ArchitectureOne of our goals at SnapLogic is to match data flow execution requirements with an appropriate execution platform. Different data platforms have different benefits. The goal of this post is to explain the nature of data flow pipelines and how to choose an appropriate data platform. In addition to categorizing pipelines, I will explainour current supported execution targets and our planned support for Apache Spark.

First, some preliminaries. All data processed by SnapLogic pipelines is handled natively in an internal JSON format. We call this document-oriented processing. Even flat, record-oriented data is converted into JSON for internal processing. This lets us handle both flat and hierarchical data seamlessly. Pipelines are constructed from Snaps. Each Snap encapsulates specific application or technology functionality. The Snaps are connected together to carry out a data flow process. Pipelines are constructed with our visual Designer. Some Snaps provide connectivity, such as connecting to databases or cloud applications. Some Snaps allow for data transformation such as filtering out documents, adding or removing fields or modifying fields. We also have Snaps that perform more complex operations such as sort, join and aggregate.

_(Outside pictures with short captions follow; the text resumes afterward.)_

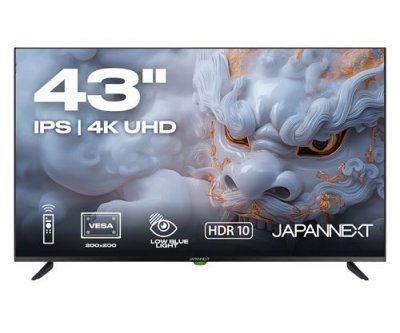 JAPANNEXT  Ecran PC Grand Format 43 IPS 4K UHD IPS JN-i432TUR 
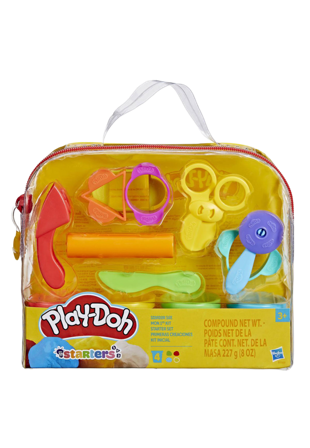 HASBRO GAMES Play-Doh Starter Set Skapa & pyssla Unisex Flerfärgad ONESIZE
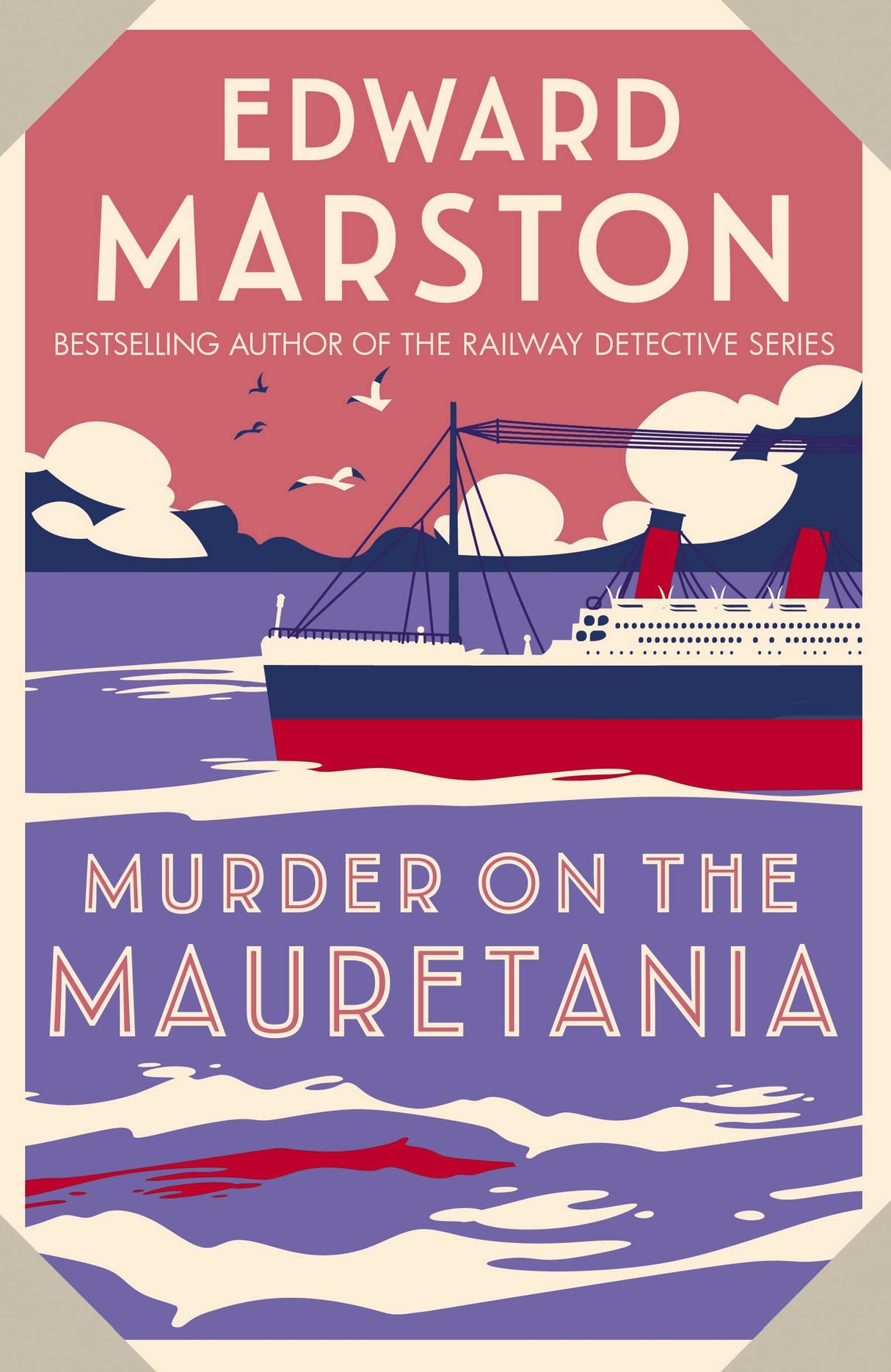 Murder on the Mauretania - Retail Maharaj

Given this setup, we can categorize pipelines into two types: streaming and accumulating. In a streaming pipeline, documents can flow independently. The processing of one document is not dependent on another document as they flow through the pipeline. Such streaming pipelines have low memory requirements because documents can exit the pipeline once they have reached the last Snap. In contrast, an accumulating pipeline requires that all documents from the input source must be collected before result documents can be emitted from a pipeline. Pipelines with sort, join and aggregate are accumulating pipelines. In some cases, a pipeline can be partially accumulating. Such accumulating pipelines can have high memory requirements depending on the number of documents coming in from an input source.

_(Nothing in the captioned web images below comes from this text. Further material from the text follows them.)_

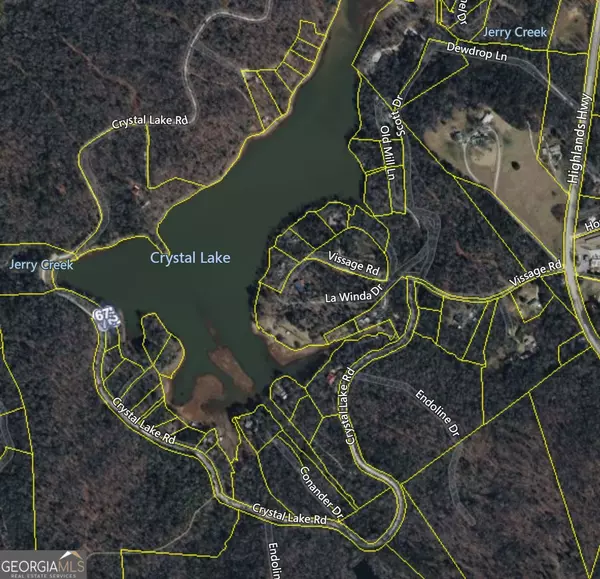 Mountain Rest, SC 29664,LOT 36 Crystal Lake RD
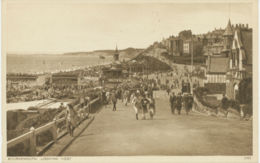 UK BOURNEMOUTH – Looking West, Unused Copper Engraved Pc, Ca. 1920 - Bournemouth (avant 1972)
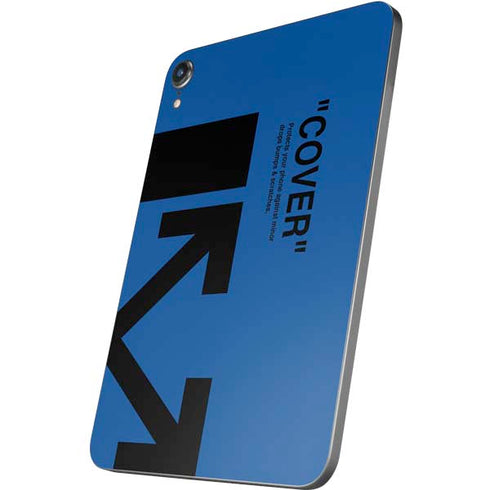 Black and Blue Arrows Apple iPad Mini Skin
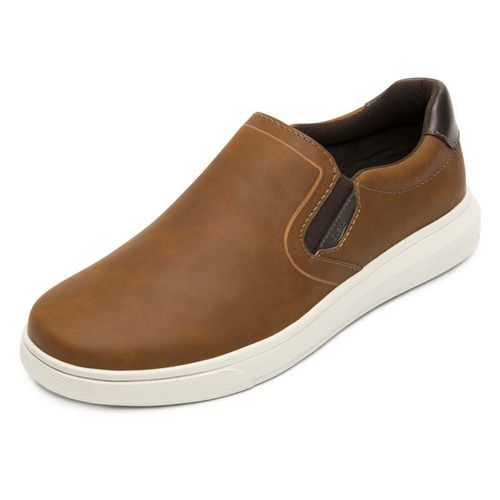 Zapato Mocasin Para Caballero Flexi Café 415305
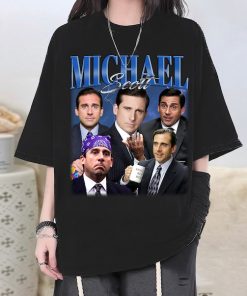 Michael Scott T-Shirt, Michael Scott Shirt, Michael Scott Tees, Michael Scott Homage, Retro Shirt, Classic Movie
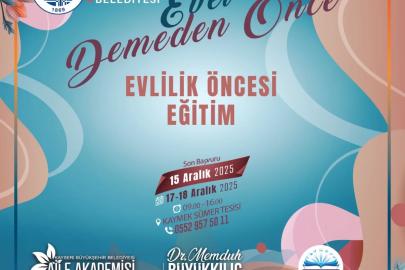 Büyükşehir Aile Akademisi’nden ‘evlilik öncesi eğitim’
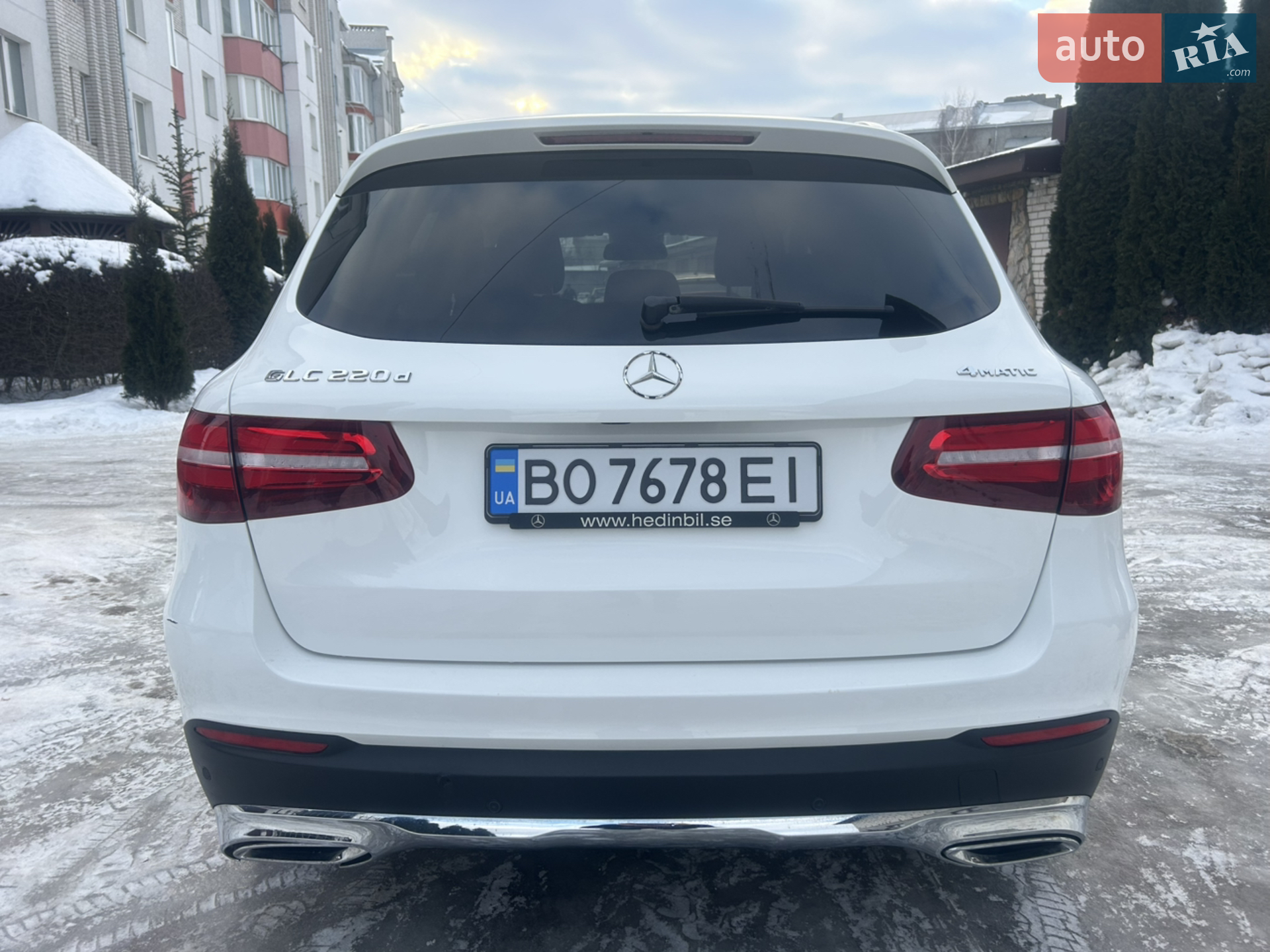 2018 Mercedes-Benz GLC - мініатюра 3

Now let’s turn to execution platforms. SnapLogic has an internal data processing platform called a Snaplex. Think of a Snaplex as a collection of processing nodes or containers that can execute SnapLogic pipelines. We have a few flavors of Snaplexes:

  •  A Cloudplex is a Snaplex that we host in the cloud and it can autoscale as pipeline load increases.
  • Groundplex is a fixed set of nodes that are installed on-premises or in a customer VPC. With a Groundplex, customers can do all of their data processing behind their firewall so that data does not leave their infrastructure.

We are also expanding our support for external data platforms. We have recently released our Hadooplex technology that allows SnapLogic customers to use Hadoop as an execution target for SnapLogic pipelines. A Hadooplex leverages YARN to schedule Snaplex containers on Hadoop nodes in order to execute pipelines. In this way, we can autoscale inside a Hadoop cluster. Recently we introduced SnapReduce 2.0, which enables a Hadooplex to translate SnapLogic pipelines into MapReduce jobs. A user builds a designated SnapReduce pipeline and specifies HDFS files and input and output. These pipelines are compiled to MapReduce jobs to execute on very large data sets that live in HDFS. (Check out the demonstration in our recent cloud and big data analytics webinar.)

Finally, as we announced last week as part of Cloudera’s real-time streaming announcement, we’ve begun work on our support for Spark as a target big data platform. A Sparkplex will be able to utilize SnapLogic’s extensive connectivity to bring data into and out of Spark RDDs (Resilient Distributed Datasets). In addition, similar to SnapReduce, we will allow users to compile SnapLogic pipelines into Spark codes so the pipelines can run as Spark jobs. We will support both streaming and batch Spark jobs. By including Spark in our data platform support, we will give our customers a comprehensive set of options for pipeline execution.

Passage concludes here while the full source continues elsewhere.